The defeat capped a stunning sweep by the 2011 Stanley Cup champion Bruins.
"I didn't expect to go out four straight," Crosby said. "But the last couple games, I thought we deserved better. Unfortunately we didn't find a way to regroup after dropping those two at home."
The high-powered Penguins, boasting former MVPs Crosby and Malkin, managed just two goals in the series after averaging nearly 3 1-2 per game during the regular season.
Crosby and Malkin both failed to record a point in the series.
"When you're this close, obviously you want to get to the finals," Crosby said. "You don't get opportunities like this all the time, so yeah, definitely, it's disappointing."
Crosby, though, was adamant about one thing: The Penguins had their opportunities — 136 shots overall — but only two slipped past goalie Tuukka Rask, who stopped 53 in a 2-1, double-overtime Bruins victory in Game 3.
"It wasn't a lack of chances," Crosby said. "You could talk about their defensive play, they're patient, they're a good hockey team, but we had our fair share of opportunities. We either had pucks hop over our sticks or hit posts or didn't execute for different reasons.
"(Rask) is part of it, but there is a number of things we'll look back on and know we could have been better."
Pittsburgh coach Dan Bylsma didn't shy away from crediting Rask.

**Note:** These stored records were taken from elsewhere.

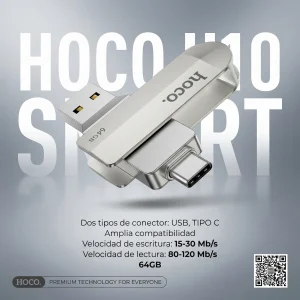 USB HOCO UD10 Smart 3.0 – USB-A / Type-C (64GB)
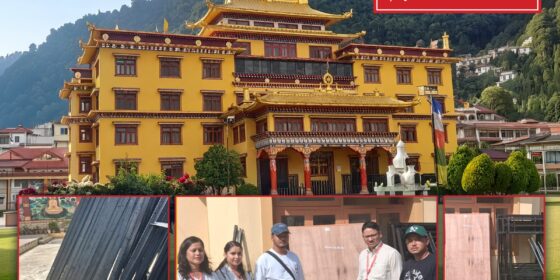 प्रभु बैंकद्वारा विपद्बाट प्रभावित परिवारहरुका लागी आश्रय स्थल (पहेंलो गुम्बा) लाई बंक बेड हस्तान्तरण
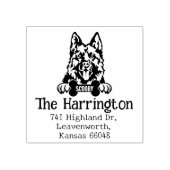 キュートドイツシェファードカスタム差出人住所 ラバースタンプ (インプリント)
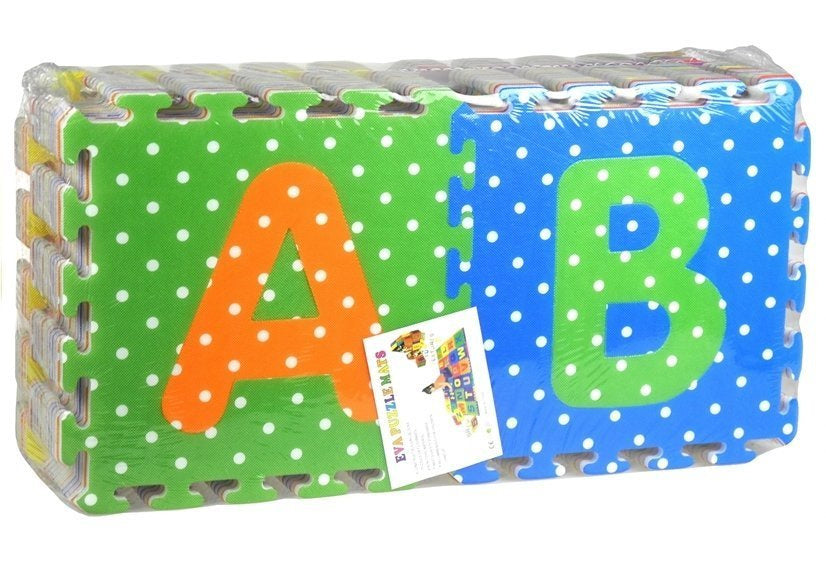 Tapete puzzle espuma alfabeto e números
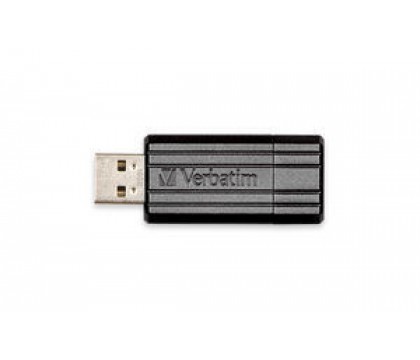 VERBATIM USB 2.0 DRIVE 16GB PINSTRIPE BLACK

"There's no question that the performance he put in in this series was elite," he said. "He was the difference in the series, there is no question."

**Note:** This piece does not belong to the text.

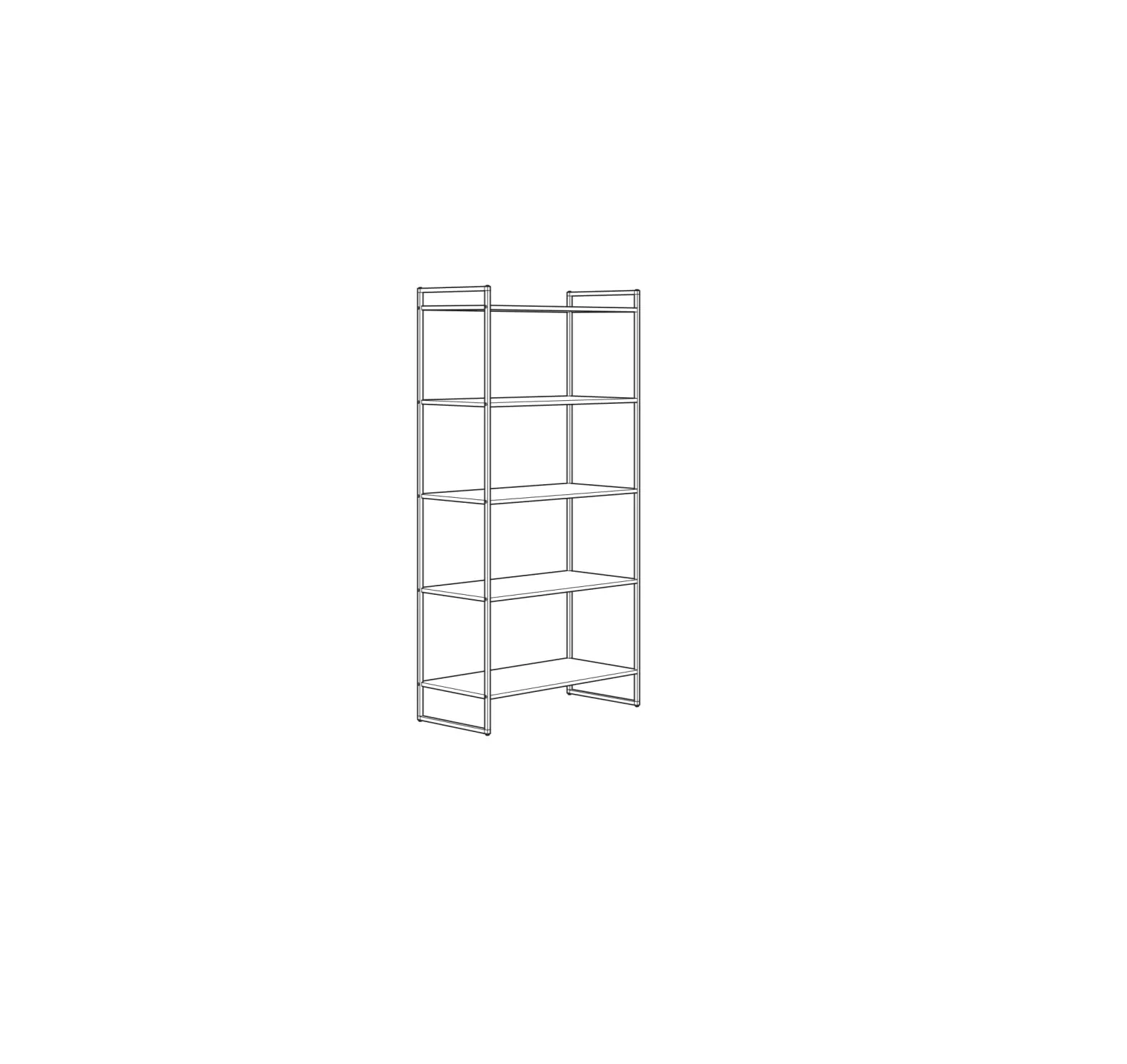 Ikea 50419972 Jonaxel Shelving Unit Instruction Manual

For all their firepower and flashy play, the Penguins couldn't deliver as they had during the regular season and the first two rounds of the playoffs.
They finished the series 0 for 15 on the power play after scoring on 24.7 percent of their advantages during the regular season, and 28.2 percent through the opening two rounds against the New York Islanders and Ottawa Senators.
"Maybe because our power play didn't score a goal. That was the key to the other series that we went in and capitalized on key moments," Pittsburgh forward Chris Kunitz said. "Sometimes we barely generated energy from our bench."
Even more mystifying, was the shutdown of Crosby and Malkin, who combined for 31 points in the first two rounds.
"You try to fight, you try to get through to the net and get rebounds, and sometimes they come to you, sometimes they don't," Crosby said. "Obviously, you score two goals as a team in four games, and personally to go without any points, doesn't sit very well."
It clearly weighed on Malkin, as well.
The Russian star sat slumped over at his stall, his hands covering his face, and his sweaty pads still covering his legs, He accepted his share of the blame.
"We scored two goals in four games. It's not enough," he said. "It is my mistakes that I scored zero goals. It's not good for me."
Penguins goalie Tomas Vokoun, who was pulled after allowing three first-period goals in a 6-1 home loss in Game 2, was shocked at the outcome.
"You go through the season with a team like we had and it's very disappointing," Vokoun said. "It's a tough moment, and unfortunately for Pittsburgh, only one team can win and that's not going to be us."
The Penguins hadn't been swept out of the playoffs since 1979, when they also fell to the Bruins. They had been shut out only twice in their previous 147 games.
Boston blanked them twice in this one-sided, four-game whitewash.
"Our team is a team that considers itself a team capable of winning a Stanley Cup, put together to win a Stanley Cup. That's our expectation from Day One," Bylsma said. "No question, you're going to look at this as a missed opportunity."